VISTOS por la Sección Tercera de esta Audiencia Provincial, en grado de apelación, los presentes autos de juicio Ordinario, seguidos ante el Juzgado de Primera Instancia número 5 de Palma, bajo el número 1481/09, Rollo de Sala número 368/12, entre partes, de una como demandada-apelante Restauraciones Jotamar S.L., representada por la Procuradora doña Antonia Iniesta Rozalen y asistida por el Letrado don Santiago Alejos Fernández, de otra, como actor-apelado don Clemente , representado por la Procuradora doña Mª Eulalia Juliá Coca y asistido por la Letrada doña Mª Jesús Galmés Vaquer.

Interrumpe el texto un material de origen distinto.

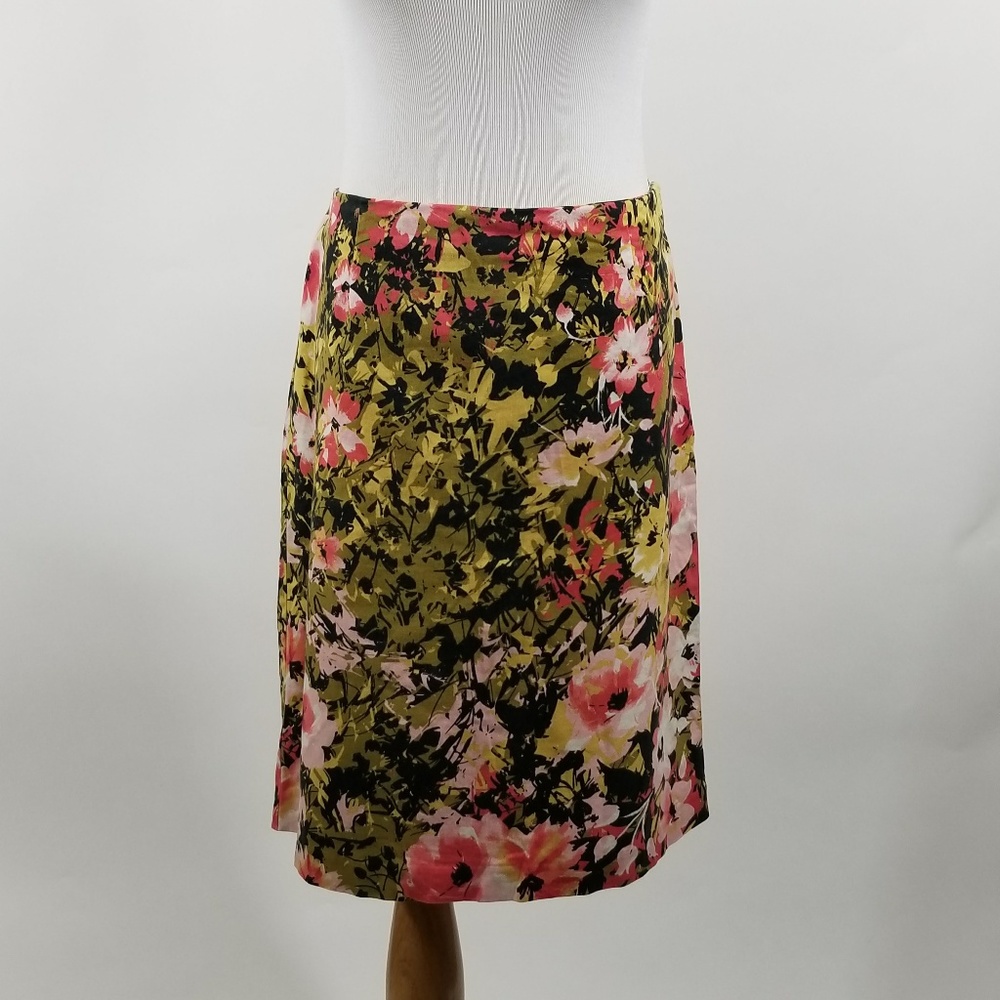 J Jill Black Straight Skirt Pink Floral Stretch 12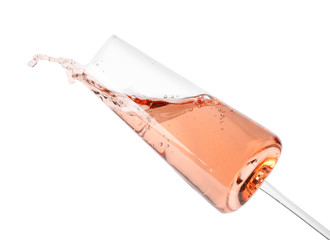 Glass of rose champagne isolated on white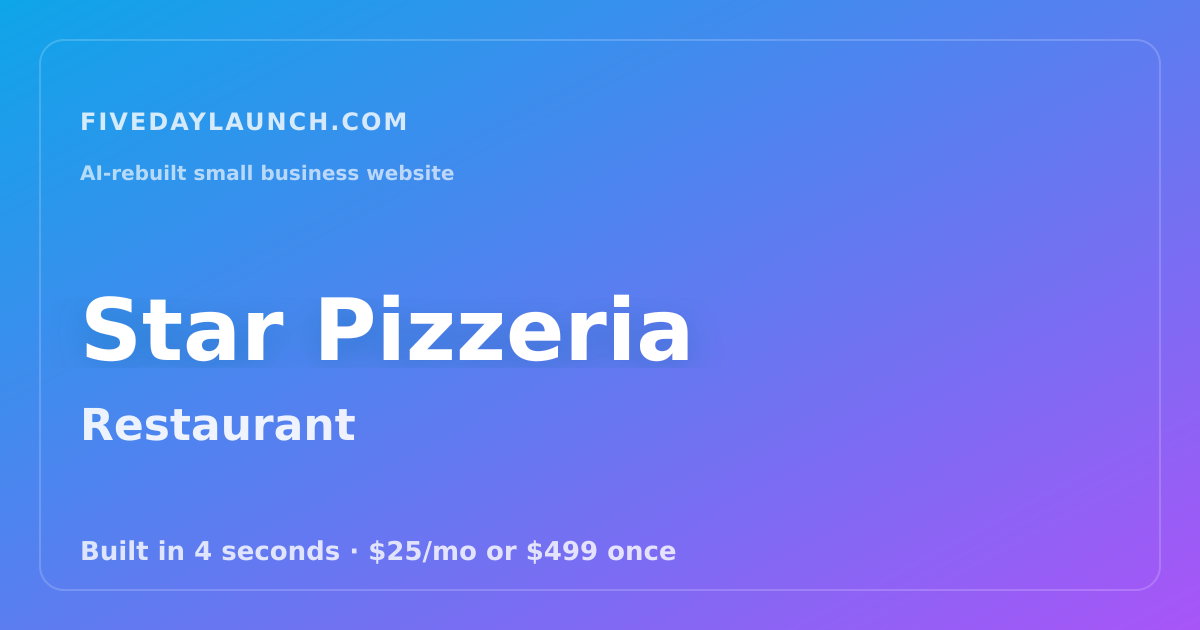 Preview of Star Pizzeria's AI-rebuilt website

ES PONENTE la Ilma. Sra. Magistrada doña Catalina Moragues Vidal.
Antecedentes
PRIMERO.-Por el/la Ilmo/a. Sr/a. Magistrado/a Juez del Juzgado de Primera Instancia número 5 de Palma, se dictó sentencia en fecha 27 de enero de 2012 , cuyo Fallo es del tenor literal siguiente: 'Que debo estimar y estimo la demanda interpuesta por doña Mª Eulalia Julia Coca, Procurador de los Tribunales, obrando en nombre y representación de don Clemente contra la entidad Restauracions Jatoma S.L. y debo declarar que la demandada incumplió parcialmente las obligaciones derivadas del contrato de 12 de septiembre de 2006, y condenar a la demandada a que indemnice al actor, en concepto de daños y perjuicios derivados de dicho incumplimiento, en la cantidad de 11.685'72 euros, cantidad que devengará los intereses procesales del artículo 576 de la LEC desde la fecha de la sentencia, con expresa imposición de costas a la parte demandada'.
SEGUNDO.-Contra la expresada sentencia, y por la representación de la parte demandada, se interpuso recurso de apelación, que fue admitido y seguido el recurso por sus trámites se señaló para votación y fallo 15 de enero de 2013.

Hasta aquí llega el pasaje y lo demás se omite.